Hi @mourisl I can confirm now that works - thank you very much for the quick fix! I do note it only works for the wrapper, and not for the the 'subcommands' e.g. classification-class, but I don't think that is so important for users in this case. So this works for me :).

When would it be possible to have a patch release of centrifuge with it the fix? For my case I am interested in the tool for a pipeline I maintain, and it uses bioconda (or rather biocontainer) images for getting the software.

mourisl commented 5 months ago

The centrifuge-class doesn't use the tmp folder, the tmp folder is just to hold the pipe files.

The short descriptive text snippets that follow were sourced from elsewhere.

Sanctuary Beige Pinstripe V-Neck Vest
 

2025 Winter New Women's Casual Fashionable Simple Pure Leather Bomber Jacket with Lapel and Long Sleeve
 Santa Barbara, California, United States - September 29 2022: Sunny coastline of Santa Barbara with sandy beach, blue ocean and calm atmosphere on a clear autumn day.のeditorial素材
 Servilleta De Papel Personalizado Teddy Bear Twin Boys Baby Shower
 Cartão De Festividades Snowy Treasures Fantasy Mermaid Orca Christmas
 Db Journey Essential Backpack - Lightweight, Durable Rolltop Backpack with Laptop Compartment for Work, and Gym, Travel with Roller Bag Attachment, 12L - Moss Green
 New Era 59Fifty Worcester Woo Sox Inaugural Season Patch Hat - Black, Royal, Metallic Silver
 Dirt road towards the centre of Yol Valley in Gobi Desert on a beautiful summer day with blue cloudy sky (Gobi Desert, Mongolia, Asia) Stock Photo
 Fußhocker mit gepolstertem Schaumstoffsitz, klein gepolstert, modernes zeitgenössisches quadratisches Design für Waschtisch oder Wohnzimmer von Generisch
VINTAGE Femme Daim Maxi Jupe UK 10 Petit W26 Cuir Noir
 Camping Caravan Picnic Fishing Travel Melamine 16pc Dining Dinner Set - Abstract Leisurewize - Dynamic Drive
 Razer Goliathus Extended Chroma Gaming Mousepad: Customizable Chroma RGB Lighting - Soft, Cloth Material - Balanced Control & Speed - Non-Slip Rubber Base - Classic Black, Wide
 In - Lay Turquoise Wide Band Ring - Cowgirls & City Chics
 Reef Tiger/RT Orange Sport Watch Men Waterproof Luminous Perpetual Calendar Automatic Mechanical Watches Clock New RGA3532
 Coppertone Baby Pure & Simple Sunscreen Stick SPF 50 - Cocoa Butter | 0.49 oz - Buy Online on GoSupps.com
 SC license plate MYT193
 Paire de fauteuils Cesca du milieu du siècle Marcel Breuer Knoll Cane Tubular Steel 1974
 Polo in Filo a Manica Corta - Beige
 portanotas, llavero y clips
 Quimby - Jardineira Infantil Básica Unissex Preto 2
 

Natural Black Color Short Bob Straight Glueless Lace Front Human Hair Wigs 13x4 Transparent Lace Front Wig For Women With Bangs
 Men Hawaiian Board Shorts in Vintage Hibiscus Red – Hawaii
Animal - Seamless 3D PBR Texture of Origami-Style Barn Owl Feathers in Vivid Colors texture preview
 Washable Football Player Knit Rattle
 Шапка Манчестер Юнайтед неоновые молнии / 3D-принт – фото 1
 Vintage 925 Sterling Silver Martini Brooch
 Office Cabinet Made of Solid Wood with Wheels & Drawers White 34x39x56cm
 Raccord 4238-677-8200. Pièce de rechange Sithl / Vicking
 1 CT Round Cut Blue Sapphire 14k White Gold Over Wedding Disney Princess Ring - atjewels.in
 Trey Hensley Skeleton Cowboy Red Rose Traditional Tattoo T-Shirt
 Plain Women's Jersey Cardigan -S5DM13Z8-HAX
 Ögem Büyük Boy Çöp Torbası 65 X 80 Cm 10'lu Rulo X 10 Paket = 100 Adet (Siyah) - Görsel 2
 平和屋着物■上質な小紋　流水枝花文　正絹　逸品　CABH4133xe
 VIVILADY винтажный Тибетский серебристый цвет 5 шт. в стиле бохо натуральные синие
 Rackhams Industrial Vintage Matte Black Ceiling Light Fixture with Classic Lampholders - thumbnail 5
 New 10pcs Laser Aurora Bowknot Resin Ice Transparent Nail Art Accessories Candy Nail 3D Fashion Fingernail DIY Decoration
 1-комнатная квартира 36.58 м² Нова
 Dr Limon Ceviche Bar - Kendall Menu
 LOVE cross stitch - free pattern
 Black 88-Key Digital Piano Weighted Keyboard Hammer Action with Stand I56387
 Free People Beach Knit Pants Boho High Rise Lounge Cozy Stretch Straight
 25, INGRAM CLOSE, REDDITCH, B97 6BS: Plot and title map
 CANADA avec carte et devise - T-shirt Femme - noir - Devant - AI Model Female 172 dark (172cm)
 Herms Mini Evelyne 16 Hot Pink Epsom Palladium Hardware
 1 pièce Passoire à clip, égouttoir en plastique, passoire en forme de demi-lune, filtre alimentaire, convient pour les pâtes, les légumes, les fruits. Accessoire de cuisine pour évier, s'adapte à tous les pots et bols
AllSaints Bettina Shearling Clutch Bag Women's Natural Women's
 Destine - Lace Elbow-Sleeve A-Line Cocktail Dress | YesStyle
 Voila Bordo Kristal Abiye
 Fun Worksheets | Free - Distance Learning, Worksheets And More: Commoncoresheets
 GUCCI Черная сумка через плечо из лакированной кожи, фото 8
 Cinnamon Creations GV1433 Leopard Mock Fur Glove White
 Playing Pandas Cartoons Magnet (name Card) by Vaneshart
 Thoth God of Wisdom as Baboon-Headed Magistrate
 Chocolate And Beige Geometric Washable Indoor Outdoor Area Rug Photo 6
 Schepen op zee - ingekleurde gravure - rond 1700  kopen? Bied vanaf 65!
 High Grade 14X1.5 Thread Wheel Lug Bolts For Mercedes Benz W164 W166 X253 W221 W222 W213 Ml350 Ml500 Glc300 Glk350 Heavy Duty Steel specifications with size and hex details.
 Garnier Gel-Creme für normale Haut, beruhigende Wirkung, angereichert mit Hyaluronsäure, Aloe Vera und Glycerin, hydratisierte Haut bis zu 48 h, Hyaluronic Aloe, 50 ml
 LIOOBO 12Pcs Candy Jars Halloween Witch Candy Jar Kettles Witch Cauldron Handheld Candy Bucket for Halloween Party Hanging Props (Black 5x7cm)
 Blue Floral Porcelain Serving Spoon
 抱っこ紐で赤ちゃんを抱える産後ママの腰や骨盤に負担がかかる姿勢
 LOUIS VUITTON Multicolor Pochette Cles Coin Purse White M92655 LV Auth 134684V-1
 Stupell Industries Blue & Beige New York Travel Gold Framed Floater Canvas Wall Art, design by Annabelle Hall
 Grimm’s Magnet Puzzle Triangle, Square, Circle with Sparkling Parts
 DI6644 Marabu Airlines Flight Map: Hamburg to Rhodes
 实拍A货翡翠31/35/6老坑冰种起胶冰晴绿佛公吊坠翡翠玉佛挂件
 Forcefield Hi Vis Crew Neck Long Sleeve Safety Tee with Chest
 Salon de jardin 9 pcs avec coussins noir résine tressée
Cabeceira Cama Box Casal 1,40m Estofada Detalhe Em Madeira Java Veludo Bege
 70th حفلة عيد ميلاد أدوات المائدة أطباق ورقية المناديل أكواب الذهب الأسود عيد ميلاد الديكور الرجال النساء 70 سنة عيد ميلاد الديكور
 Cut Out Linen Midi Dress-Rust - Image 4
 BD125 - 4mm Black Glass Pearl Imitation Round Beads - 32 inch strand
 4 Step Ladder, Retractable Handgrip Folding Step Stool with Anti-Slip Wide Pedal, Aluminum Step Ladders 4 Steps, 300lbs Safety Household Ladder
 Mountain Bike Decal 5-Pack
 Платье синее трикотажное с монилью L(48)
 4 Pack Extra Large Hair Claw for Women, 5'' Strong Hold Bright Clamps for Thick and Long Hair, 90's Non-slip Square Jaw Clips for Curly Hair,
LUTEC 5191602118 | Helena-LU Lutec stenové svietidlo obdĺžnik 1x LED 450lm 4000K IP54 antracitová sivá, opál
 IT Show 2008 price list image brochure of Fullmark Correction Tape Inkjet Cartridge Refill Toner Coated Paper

Is it necessary for the pipe file to be in the specified folder in your case?

I recently noticed an issue in Centrifuge in the work of our new classifier Centrifuger, and my plan is to fix that in the next version. If you need the --temp-directory is necessary in your pipeline, I will draft a small release, like v1.0.4.1.

jfy133 commented 5 months ago

Ah ok - if centrifuge-class doesn't use it that's fine :). Generally yes, our issue is that we are running two (or more) centrifuge commands on the same node in parallel, and we are getting the mkfifo errors because I presume that one of the commands creates the mkfifo before the other (I'm not :100: sure). So I'm assuming if we can isolate the pipe files in separate places we won't have this clash.

So the --temp-directory is indeed necessary for our pipeline, so a patch release would be very gratefully received :). A 1.0.4.1 or 1.0.5 would be perfect. I can also myself handle the bioconda recipe/biocontainer update (Which is where our pipeline pulls centrifuge from)

mourisl commented 5 months ago

I just released the v1.0.4.1. Please let me know if you find other issues.

jfy133 commented 5 months ago

Thank you very very much @mourisl !

I will start the bioconda update procedure tomorrow, and try it in the pipeline. If I keep hitting the problems even when specifing the temp directory I will let you know!

mourisl commented 5 months ago

Thank you! I think the bioconda version will automatically bump up quite soon. For the temp-directory, you need to create that folder first.